Tracking/watching includes such techniques as:

1.  physical observation  (the most labor-intensive option -- which often involved 24/7 surveillance by a team of Agents; CPUSA "Smith Act" defendants were often surveilled on a regular basis).  In other cases, FBI Agents would just physically confirm that the targeted person was in their home or at their place of employment

2.  pretext phone calls  (the FBI created a training monograph for its employees to instruct them how to obtain desired information by pretending to be someone else so the targeted person would not know of the FBI's interest)

3.  pretext physical contacts  (such as an Agent visiting an employer to ask a question without identifying himself as an FBI Agent)

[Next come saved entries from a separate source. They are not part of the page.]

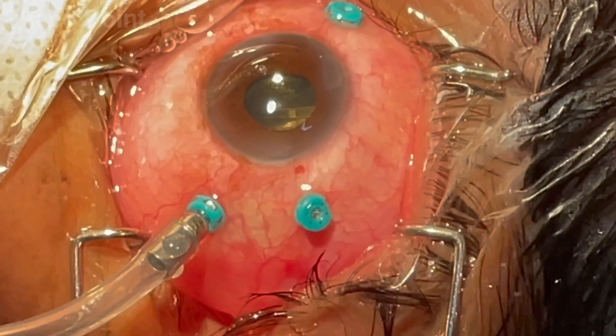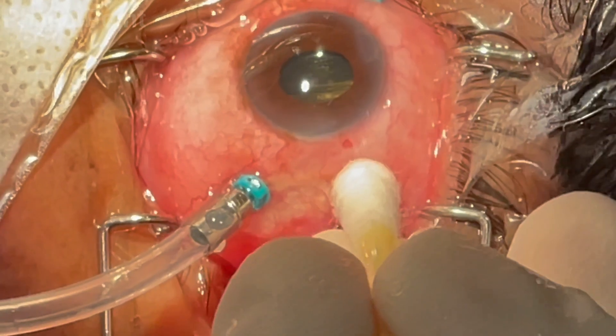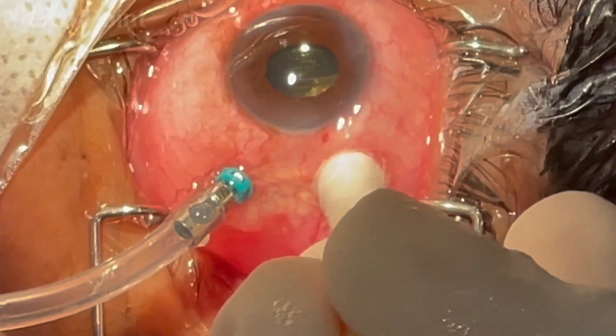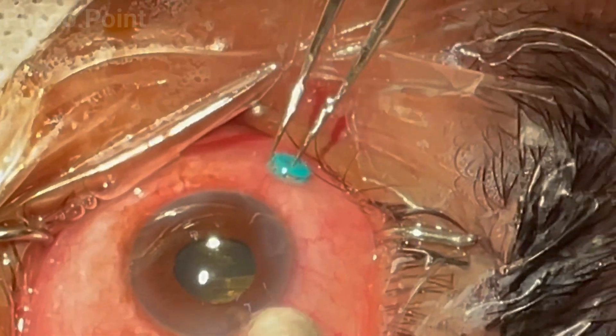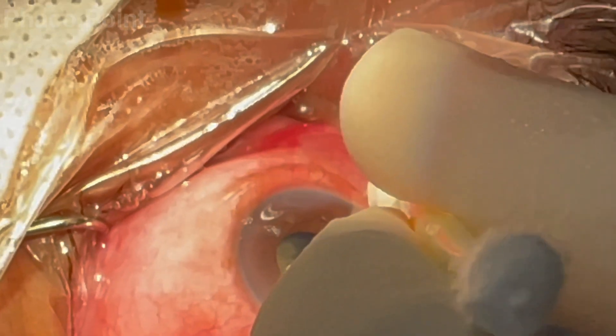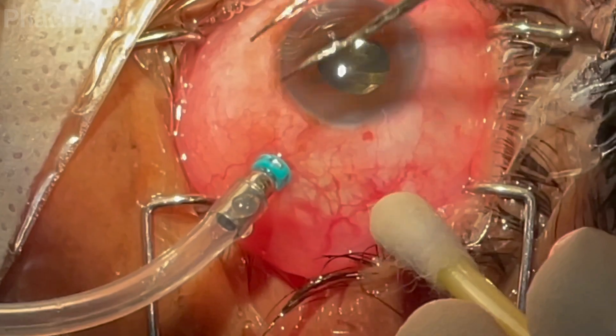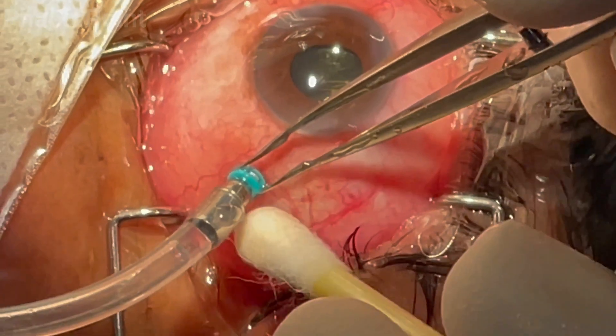Let us now understand the technique for removal of the three ports at the end of surgery. The infusion cannula is the first in and the last out. The superior temporal port is removed first, followed by localized pressure with a cotton bud. Next, the other superior port is removed with limb's forceps, again followed by pressure with the cotton bud. Finally, the infusion port is removed: the surgeon firmly grasps the cannula, pulls it out, and applies pressure.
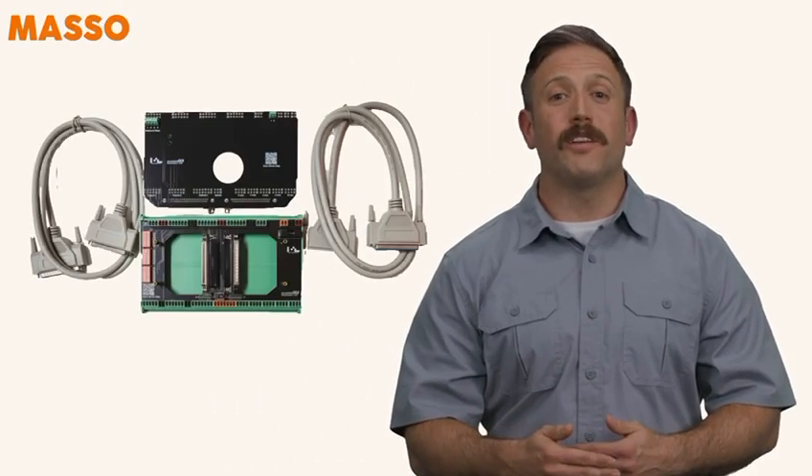Welcome back to Masso Tech Tips. In this video, we're going to take you through how to install the Masso G3 Touch Wiring Module. We'll break it down step by step so you can get it done quickly and with confidence.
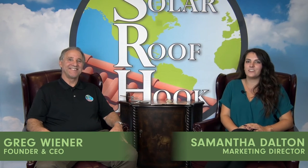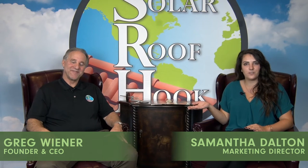Hi, I'm Samantha Dalton and I'm the marketing director here at Solar Roof Hook. I'm with Greg Wiener, the CEO and founder of Quickscrews and Solar Roof Hook, and we are here to talk about the Quick Bolt, which is the industry's only flashing-free and leak-proof mounting system for asphalt shingle roofs.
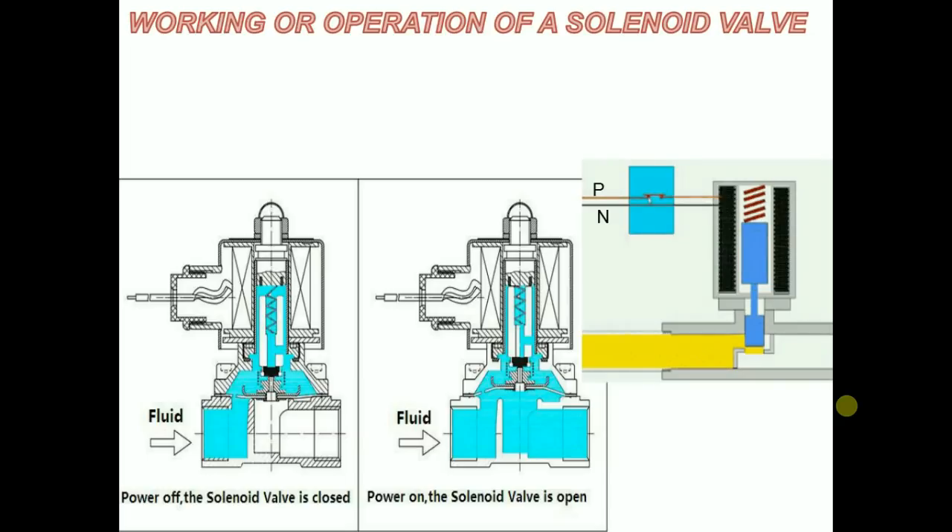In my next video I will explain about the different parts of a solenoid valve.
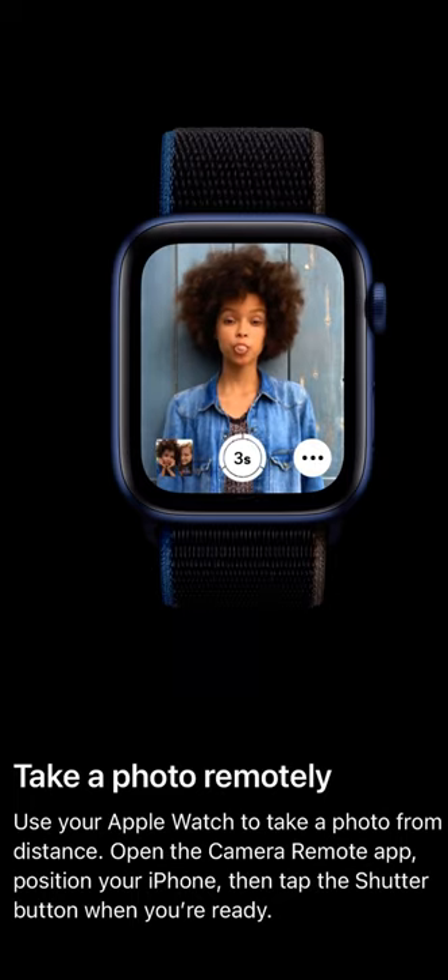I'm just tapping this right here — you can see I tapped it, it counts down, and it remotely takes a photograph just like that. Three seconds, two, and one. And that's how you take a photo remotely using your Apple Watch.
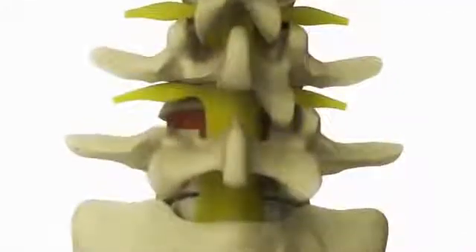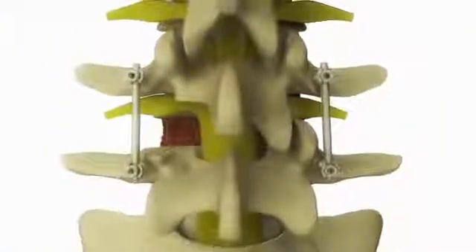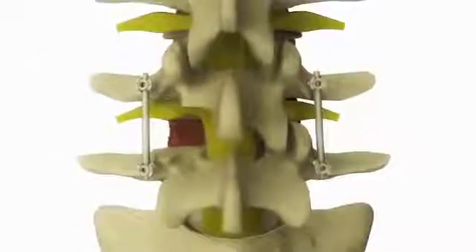Then on the back part of the vertebrae, small screws called pedicle screws are inserted into the bone and connecting rods are inserted into the screws to give the spine extra stability.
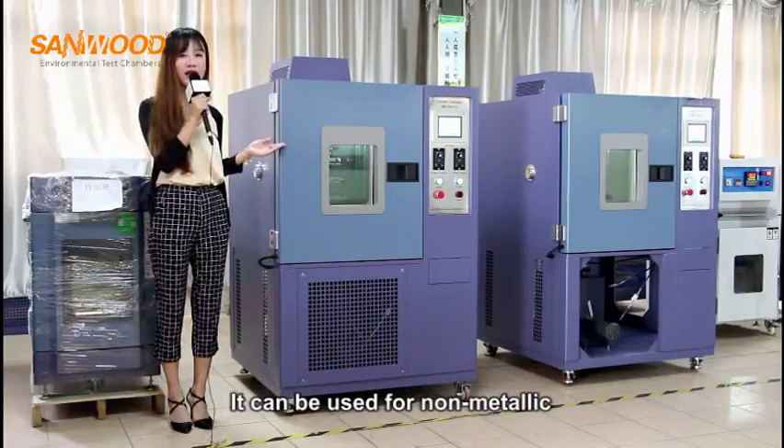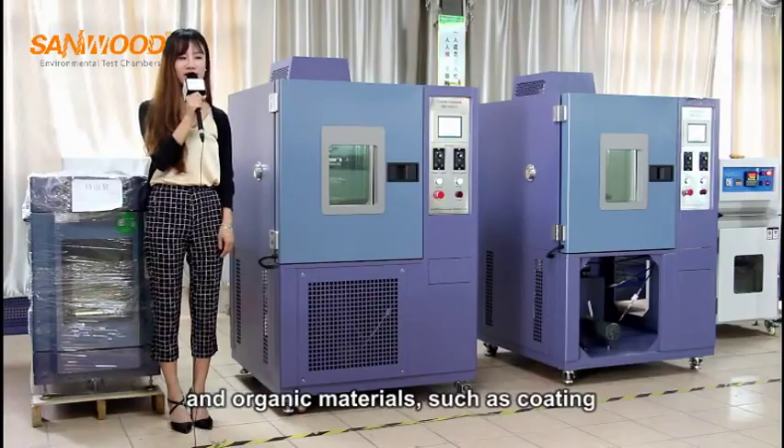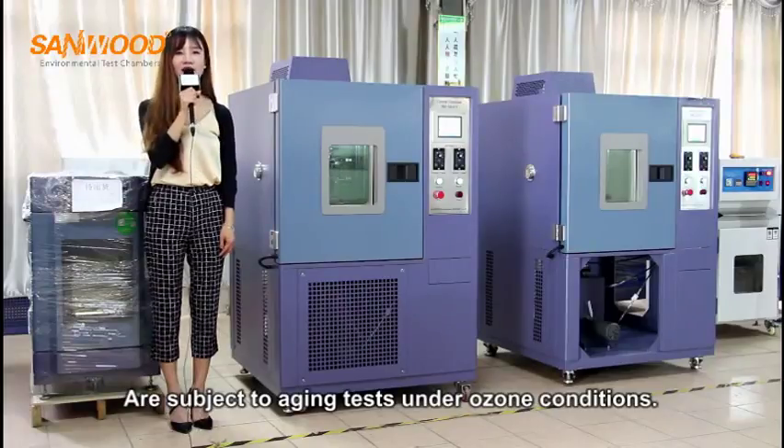It can be used for non-metallic and organic materials such as coating, rubber, plastics, paints, wood, et cetera, which are subject to aging tests under ozone conditions.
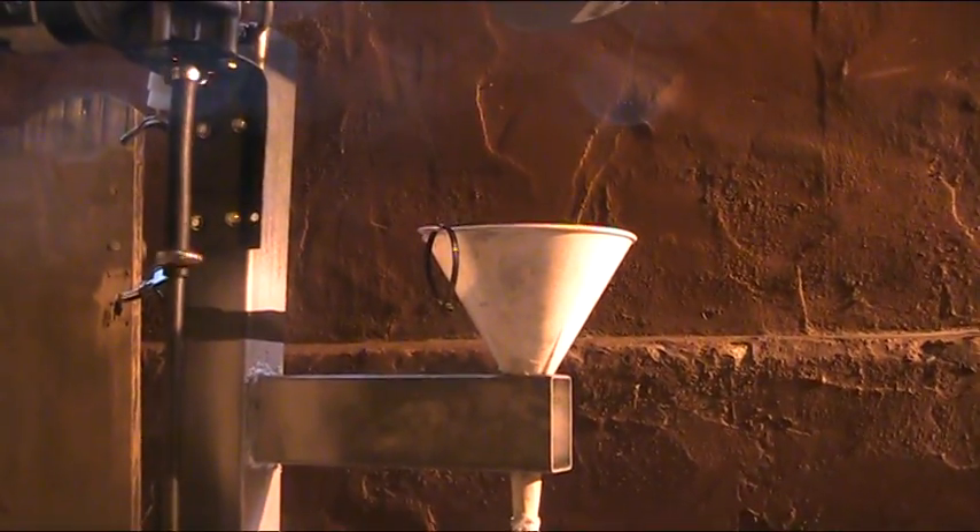I'll be back with another video showing some finished fuse and a burn test. Here it is.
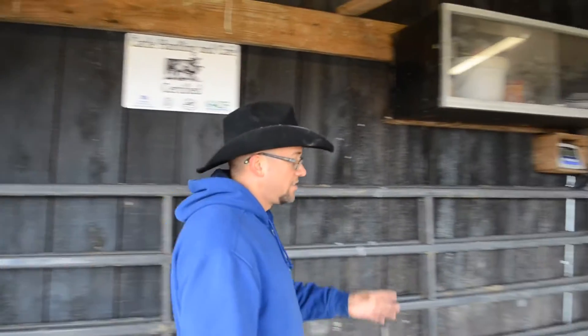Hello, my name is Josh Jackson with the University of Kentucky. Today I'm going to be discussing livestock handling facilities, specifically looking at a set of scales.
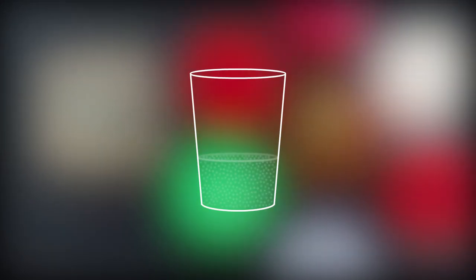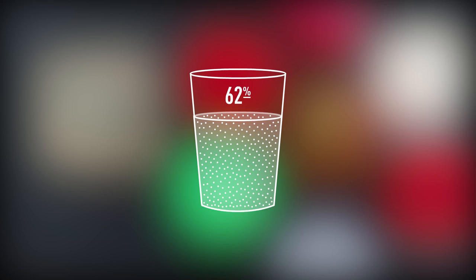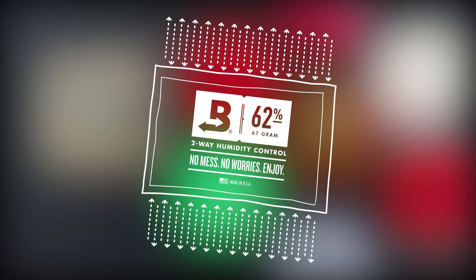What allows Boveda to do this is its unique ingredients. It contains a natural salt, water, and a thickening agent inside a reverse osmosis membrane, which means Boveda is only going to allow in and out 100% pure water vapor.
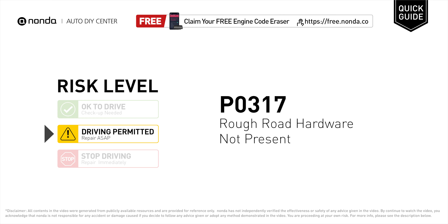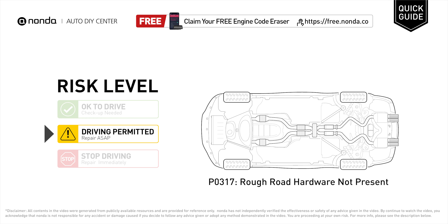P0317 is a diagnostic trouble code for rough road hardware not present. Under this circumstance, short distance driving is permitted, but your vehicle should be repaired as soon as possible.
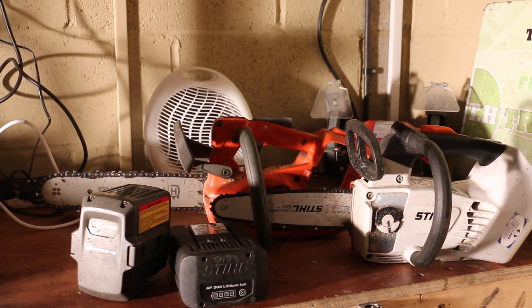Alright there guys, Terry from TH3 Services. I'm just going to briefly talk to you about the Stihl MS160T and the Husqvarna T536 LI XP — they're both Stihl and Husqvarna's entrance saws into the top handle battery lithium market. I'll briefly go into how I found using both saws.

4.  contacts with informants or confidential sources who had daily direct knowledge about the targeted person's whereabouts and/or plans (often this would be co-workers or employees of the targeted person)

5.  regular inquiries made with neighbors, and/or to postal employees, utility companies, credit reporting agencies -- to obtain desired information

NOTE:   These are just SOME of the techniques used.  Notice they all have a common-denominator, namely, they are pro-active measures taken by FBI employees (usually with a specific goal in mind) -- not just passively waiting for someone to contact the FBI to share information -- which might not even be pertinent to what the FBI wanted to know. 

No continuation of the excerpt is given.